Es relativo ya que, a la entrada y a la salida, es necesario justificar la identidad, presentar la tarjetas de miembro, su tarjeta de crédito o el código que le ha sido atribuido. Las cámaras de vigilancia, los ficheros de diverso tipo de que disponen los servicios de policía o de seguridad, los controles y las interpelaciones permanentemente posibles, relativizan aún más ese anonimato.

Es ambivalente, en el sentido de que se define negativamente (por ausencia de relaciones sociales simbolizadas), pero que puede vivirse como una experiencia íntima de libertad. En el espacio del no-lugar, me encuentro entre paréntesis, pero en el interior del paréntesis no debo, en principio, dar cuenta a nadie. Me encuentro en ese espacio neutro en el que todo encuentro se convierte en posible, en el que todo puede acaecer, en el que me siento existir por un momento fuera de los límites de la coacción ligada a la identidad social. Ese sentimiento tiene que ver con la ilusión, sin duda, pero Freud señalaba que la ilusión es el fruto del deseo. Nos dice, por lo tanto, algo sobre lo real.
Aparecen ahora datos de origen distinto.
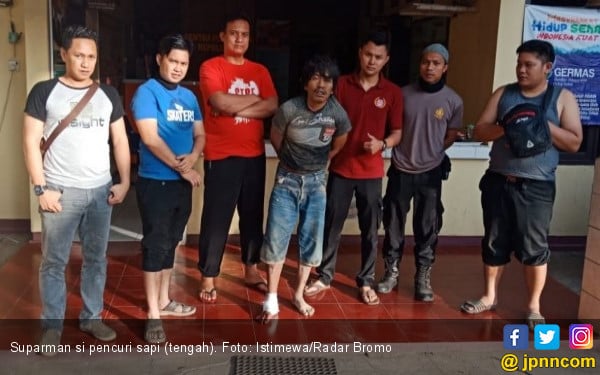 Gambar Hewan Berkaki Empat  Empat  Pencuri Sapi Dikepung Dor Dor Kena Satu 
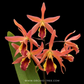 Cattleya (Ctt.) Taiwan Sunset "Yuan Dung" Orchid Plant - BS - Buy Orchids Plants Online by Orchid-Tree.com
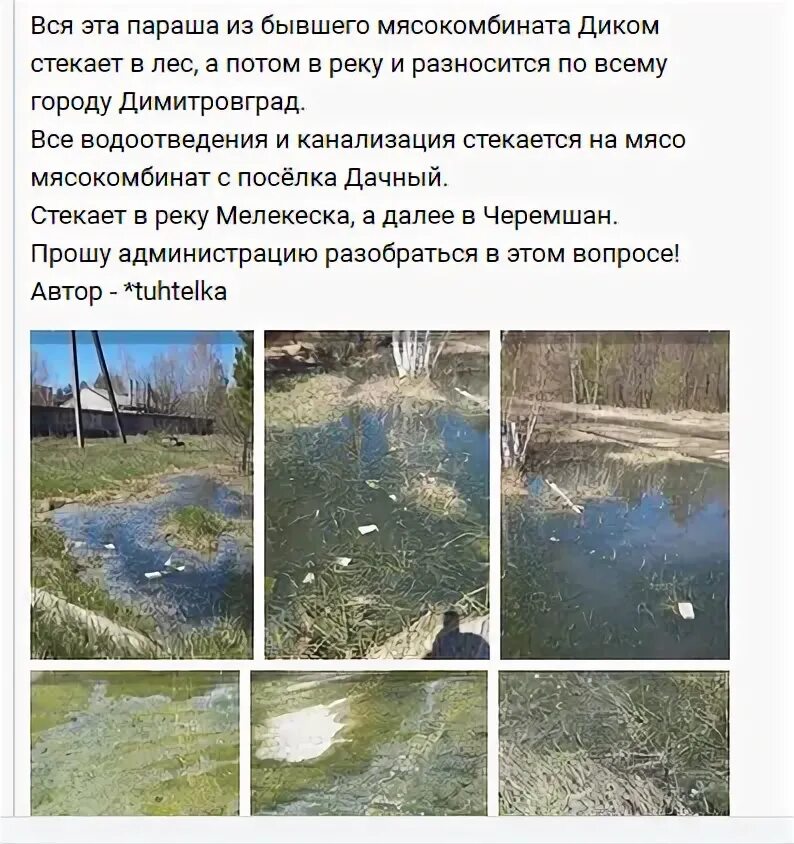 Вода в черемшане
De hecho, existe una tensión esencial, fundamental, entre la noción de identidad y la de libertad. Algunos autores, en los años 60, hicieron progresar la reflexión sobre la noción de cultura entendiéndola como un sistema de coacción intelectual a partir de una doble constatación: el individuo no siente su identidad sino en y por la relación con el otro; las reglas de construcción de esta relación le preexisten siempre. Lévi-Strauss escribió en su «Introducción a la obra de Marcel Mauss» que era, a decir verdad, aquél que llamábamos sano de espíritu quien se alienaba, pues aceptaba existir en un mundo definible únicamente por la definición de yo y del otro. El sentido social no es un sentido metafísico o trascendental, sino la misma relación social en tanto que representada e instituida. Resulta que existe siempre una tensión entre sentido (social) y libertad, definida como el espacio dejado a la iniciativa individual. Si el nombre es el primer símbolo de la identidad, el anonimato es la expresión más acabada de la libertad. Es esta tensión entre los dos extremos lo que la democracia debe saber administrar. En las sociedades en las que la atribución del nombre está estrictamente determinada por la filiación, la posición en el interior del grupo de hermanos o la pertenencia a una casta, la libertad del individuo se reduce a algo muy estrecho. Al igual que en las sociedades totalitarias que someten el nombre individual a una categoría englobante: camarada, hermano, hermana… El anonimato, desde ese punto de vista, aparece como una fuerza y una conquista, pero no tiene sentido sino en el marco de un combate por la reivindicación de la libre identidad. No soy libre si no existo y no existo sino en la medida en que me nombro. Ahora bien, los bautismos, sea cual sea su origen y su naturaleza, me encierran en una categoría o en una clase, en una pertenencia de la que debo tener la capacidad de liberarme si así lo quiero. Garantizar la libertad de los individuos sin condenarles al anonimato, he aquí la función más alta de la democracia.